And there was Ryuzaki's bluff. On something as huge as the Kira case, on something that has so little to go on they were relying on mad theories and potential existences of gods of death, even the tiniest of percentages became significant. R wasn't going to be completely happy until he had 100% for Kira, but that didn't mean he wouldn't settle for something above chance when it came to the actual prosecution.

That said, he still wasn't going to risk even a two percent chance.

When the door clanged shut behind L, the thought returned unbidden to his mind about how cruel the young detective R was.
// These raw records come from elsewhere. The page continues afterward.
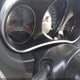 1C3CDZAB2DN530408 2013 Dodge Avenger Se auction photo thumbnail 7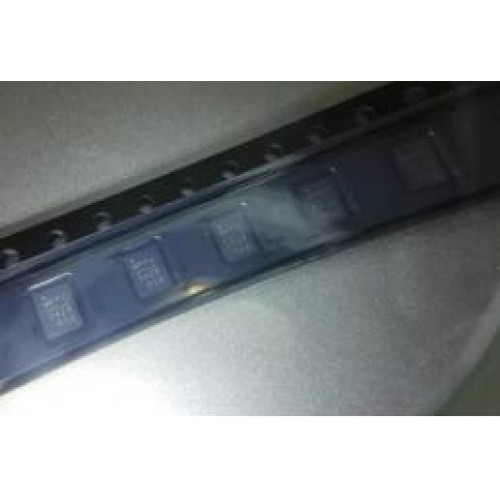 5PCS SE2559L20-R SE2559L20 2559L20-R QFN22  new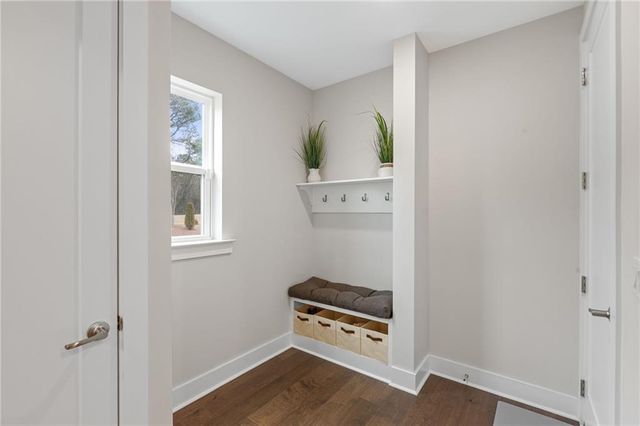 4815 Briscoe Drive, Cumming, GA 30028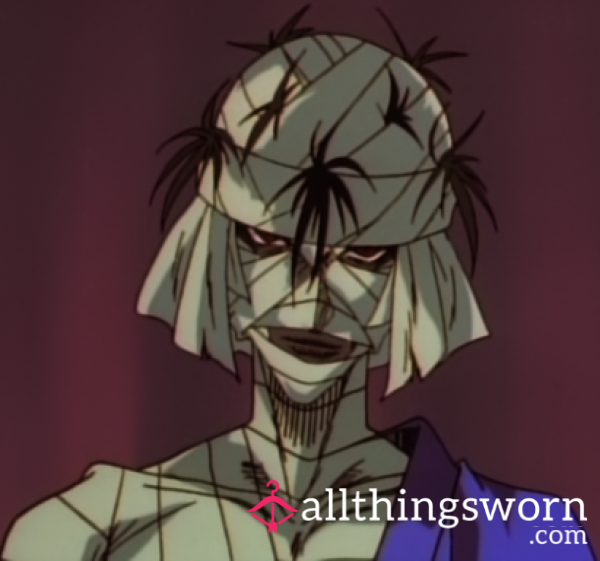 Iamsubhuman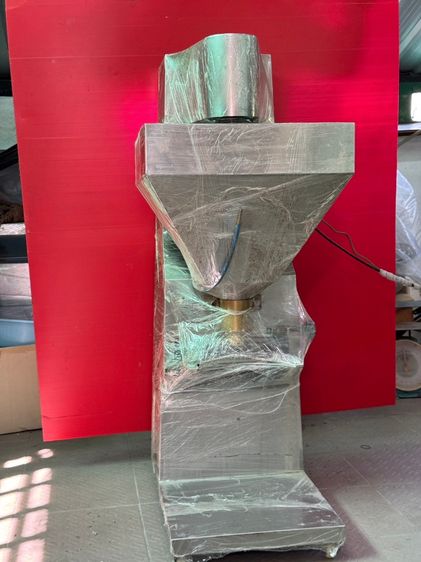 ชุดอุปกรณ์ทำลูกชิ้น ขนาด 30 กิโลกรัม พร้อมอุปกรณ์ รูปที่ 14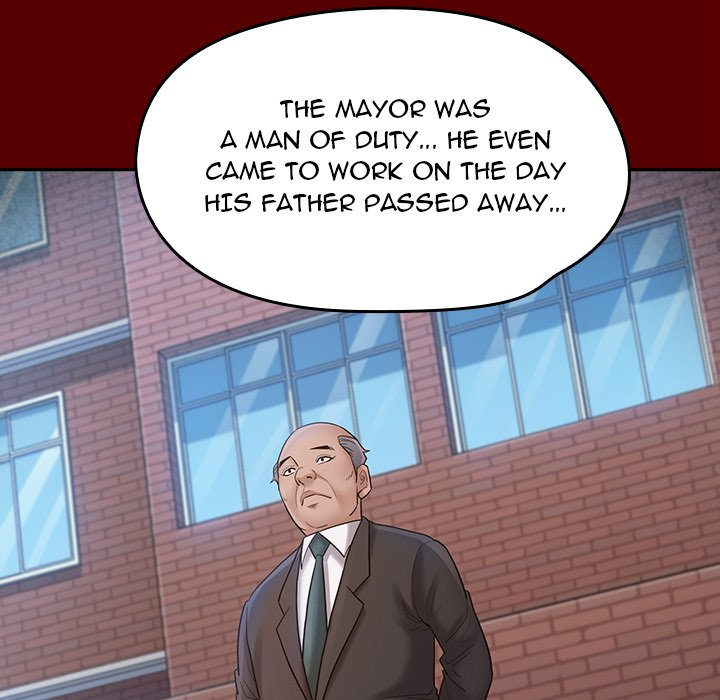 Fruitless Chapter 62 Page 125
How cold his heart.

He was left alone in the cage, glad that the blindfold was taken away but lamenting that his arms had not been released, with only Ryuk's babbling to keep him company.

Occasionally R spoke through the speakers, and L made sure to look at the cameras directly when he replied. It wouldn't do to give R even the slightest suggestion he was lying. He was, of course, but it would mean the end of everything should the young, brilliant detective come to know that.

He gave up the Death Note six days after the start of his confinement, and with it went his memories.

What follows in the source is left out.